The plan for Kaufman is to begin slowly, offering Understoodit with its basic understand/don’t understand functionality to schools at first. He’s been testing the service with a few entry-level university computer science courses with around 250 students, and received good feedback from both teachers and students. The tool has built-in safeguards against abuse, including a timer to prevent students from just repeatedly hitting one button or the other, and Kaufman spent a lot of time tweaking the decay curve on registered clicks so that instructors have an easier time identifying when a moment of confusion has passed and what material it applied to specifically.
Eventually, Kaufman sees the tool expanding its functionality and becoming a lot more sophisticated, and even competing head-on with clicker hardware for in-class quizzes and other applications.
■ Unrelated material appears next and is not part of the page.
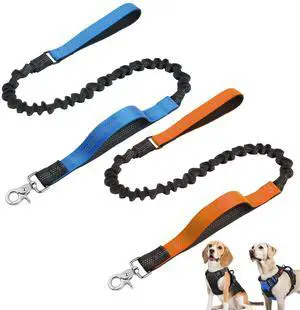 Dog Leash Compatible with rabbitgoo Dog Harness,Reflective for Night Safety Dog Leash Compatible with rabbitgoo Dog Harness,Reflective for Night Safety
Once, access to connected devices might have been a barrier standing in the way of Understoodit’s browser-based approach, but now that those are ubiquitous in classrooms, bigger challenges involve convincing professors of its value (and making sure they don’t see it as yet another way of monitoring their efficacy), and making sure students use it as intended and don’t come up with ways to abuse the system.
Understoodit, which is currently bootstrapped by Kaufman, should however appeal to students and teachers alike because of its simplicity, and because it provides a way to speak to students on the devices they’re already using in the classroom, which is one way to make sure that channel doesn’t get used just for social networking and other distracting activities during lectures.